The last, but not least (just smallest) of the three main Channel Islands to be visited is Alderney. A lot smaller, a lot quieter, with very little evidence of modern development. Many thanks to Brian (Station Mechanic) for the great welcome to your fine island. A place to escape from the high speed pace of life, with great beaches, wild-life reserves, fascinating historic sites, all within walking distance. Many islanders however, do have a car. Seat belts and MoT tests are not required. Following the ceremonial 188th signing of the chart and the praising of the Alderney Trent Class Allweather Lifeboat in Braye Harbour, Brian took us to the local inn, The Divers. Here, a fellow Clan member was waiting to meet us. The Lifeboat Operations Manager, Braye Fishmonger and general pillar of the community, all rolled into one character – David (Bugsy) McAllister. A few other crew, young & old, were also introduced. A great atmosphere, enhanced by good company and well kept draught beer (and ice cold soft drinks for those crew members on standby).

1869 Alderney Lifeboat Station established. Lifeboat house constructed at a cost of £235.

1876  The stone quarry in which the lifeboat house stood was being reworked and a new one was being opened not far from the front of the boathouse.  The working of the latter, it was feared, would considerably damage the roof of the boathouse.  Great inconvenience was caused in launching the boat on account of the rails that were laid down on the way from the boathouse to the slip on the breakwater where the boat was launched.  The Assistant Inspector reported that he thought a better site for the boathouse could be obtained near the Arsenal on the other side of the harbour.    1877  Difficulty in getting the contract for moving the boathouse owing to scarcity of labour.     1884  With the difficulty in obtaining a crew, as so many fishermen had left the island, the lifeboat station was closed and the lifeboat was transferred to St. Helier.

1984  A 33ft Brede class lifeboat Foresters Future sent to station in January and placed on service on 10 March for a 12 month operational evaluation period.    1985  The Duchess of Kent officially opened the station on 10 May.  She presented the Thanks of the Institution inscribed on Vellum to Mr John Kay-Mouat, President of the States of Alderney,  for the life-saving work carried out by private boats in Alderney during the 100 years in which there was no lifeboat on the island.

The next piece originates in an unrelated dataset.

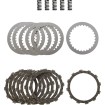 Set de discuri de ambreiaj VINTCO KCLS19 thumb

1992  Bronze Medal awarded to Helmsman Philip Murray and a Framed Letter of Thanks signed by the Chairman of the Institution awarded to each of the two crew members, Francois Jean and Wayne Chandler, for attempting to save a girl, even though the inshore lifeboat was severely damaged, after two girls and a man was swept into the sea at the Fort Clonque causeway on 9 August 2002.  The inshore lifeboat saved the man.  Crew member Mark Gaudion and Station Honorary Secretary David McAllister rescued the girl by crossing the causeway to reach her despite the strong pull of the tide.  They were tied to a line held by policemen and others.  They were both accorded the Thanks of the Institution inscribed on Vellum

Weds 16 July: Back to Blighty, via a fascinating detour to Cherbourg, where the occasional fox and hare enjoy playing chicken, trotting and bounding out from the cover of unmown airfield grass across the large tarmac runway in front of landing aircraft. As caught on video.

Thank you so much big brother Neil, for making these islands an unforgettable part of the big adventure. Thanks also to Russ of Pedal Power for the loan of the amazingly fast, lightweight bikes and being such a great local guide. And of course, huge thanks to all the awesome RNLI crew members on these Isles for such a great welcome. A privilege to meet a good number of you between shouts around the notoriously treacherous waters surrounding these islands.

I hope you’re all watching the BBCTV (Weds evenings) series Saving Lives at Sea. If not, catch up on iPlayer.